Trump to Kim: My nuke button bigger than yours

WASHINGTON: US President Donald Trump warned Kim Jong-Un he has a “much bigger” nuclear button than the North Korean leader, as Washington dismissed the prospect of high-level talks between Pyongyang and Seoul.

Trump launched the highly personal missive on Twitter hours after his ambassador to the UN Nikki Haley described proposed dialogue between the two Koreas as a “band-aid” and said Washington would never accept a nuclear-armed Pyongyang.

Trump said: “North Korean Leader Kim Jong Un just stated that the ‘Nuclear Button is on his desk at all times.’ “Will someone from his depleted and food starved regime please inform him that I too have a Nuclear Button, but it is a much bigger & more powerful one than his, and my Button works!”

The tweet was in reference to Kim’s annual New Year address in which he warned he has a “nuclear button” on his table, but sweetened his remarks by expressing an interest in dialogue and taking part in the Pyeongchang Games next month.
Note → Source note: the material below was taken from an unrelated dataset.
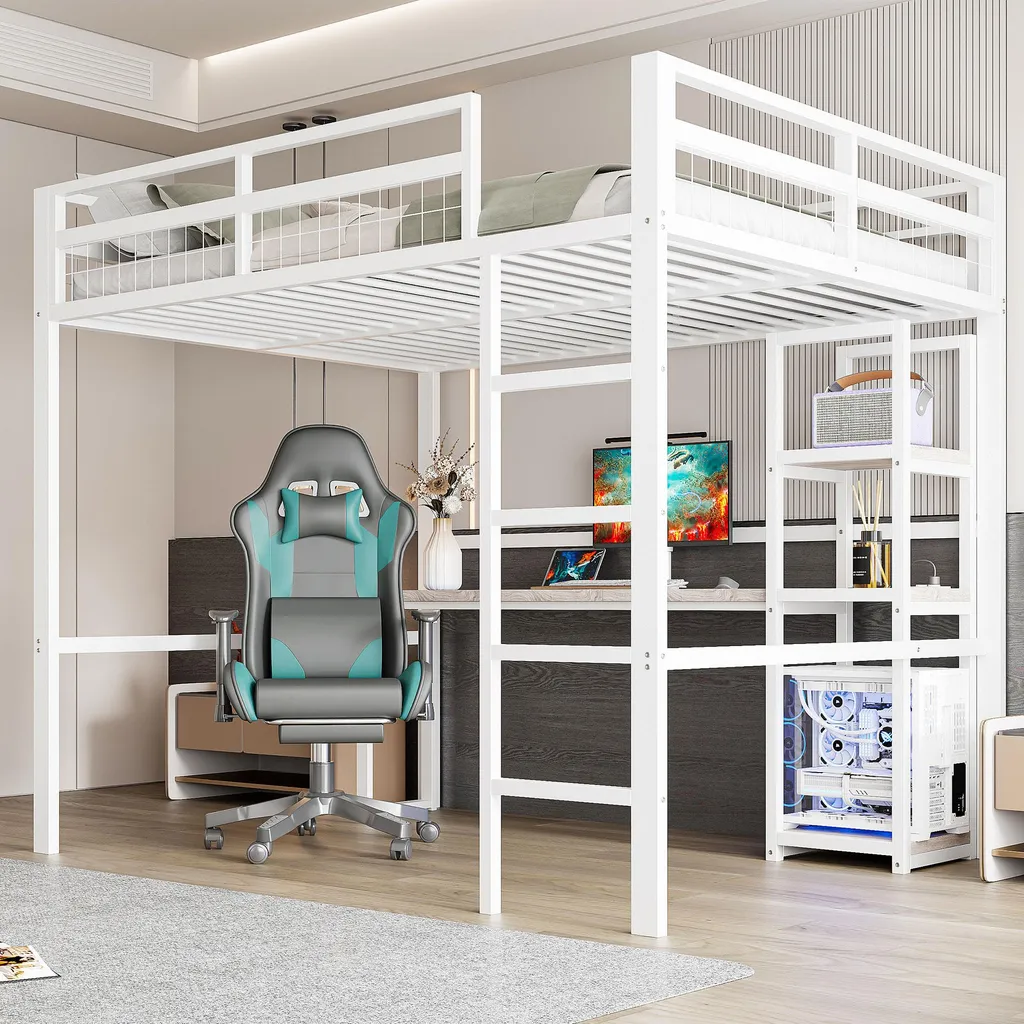 Lit Double en Hauteur 140x200 : Gagnez de l'Espace avec Bureau et USB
Inter-Korean hotline reopens

Meanwhile, North and South Korea on Wednesday reopened a cross-border hotline which had been shut down since 2016, forging ahead with peace overtures despite taunts from US President Donald Trump who said he has a “much bigger” nuclear button than Kim Jong-Un.

The hotline was restored at 0630 GMT after Seoul proposed high-level talks in response to an olive branch from the North’s leader, who has offered to send a team to next month’s Winter Olympics in the South.

“The phone conversation lasted 20 minutes,” a South Korean Unification Ministry official said, adding details were not known immediately.

Kim’s overtures to the South marked a rare softening in tone. Tensions have surged in recent months following a flurry of North Korean missile launches and its most powerful nuclear test yet.

Seoul responded with an offer to hold talks on Jan 9 — the first since 2015 — to discuss “matters of mutual interest” including the North’s Olympic participation.

US State Department spokesman Heather Nauert also warned that Kim “may be trying to drive a wedge of some sort between the two nations — between our nation and the Republic of Korea (South Korea)”.

But the tentative rapprochement seemed to be moving ahead on Wednesday, with Kim welcoming Seoul’s support for his overtures, according to Ri Son-gwon, the head of North Korea’s agency handling inter-Korean affairs.

Hotline ‘very significant’

The two countries, divided by a Demilitarised Zone since the end of the 1950-53 Korean War, last held high-level talks in 2015 to try to ease tensions.

The hotline in the border truce village of Panmunjom remained operational until February 2016. It was shut down when relations worsened over a dispute involving the jointly operated and now closed Kaesong industrial complex.

Seoul welcomed Pyongyang’s decision to reopen the hotline as “very significant”.

Its President Moon Jae-In has long favoured engagement with the North, but the Trump administration insists the regime must give up its weapons drive before any negotiations can take place.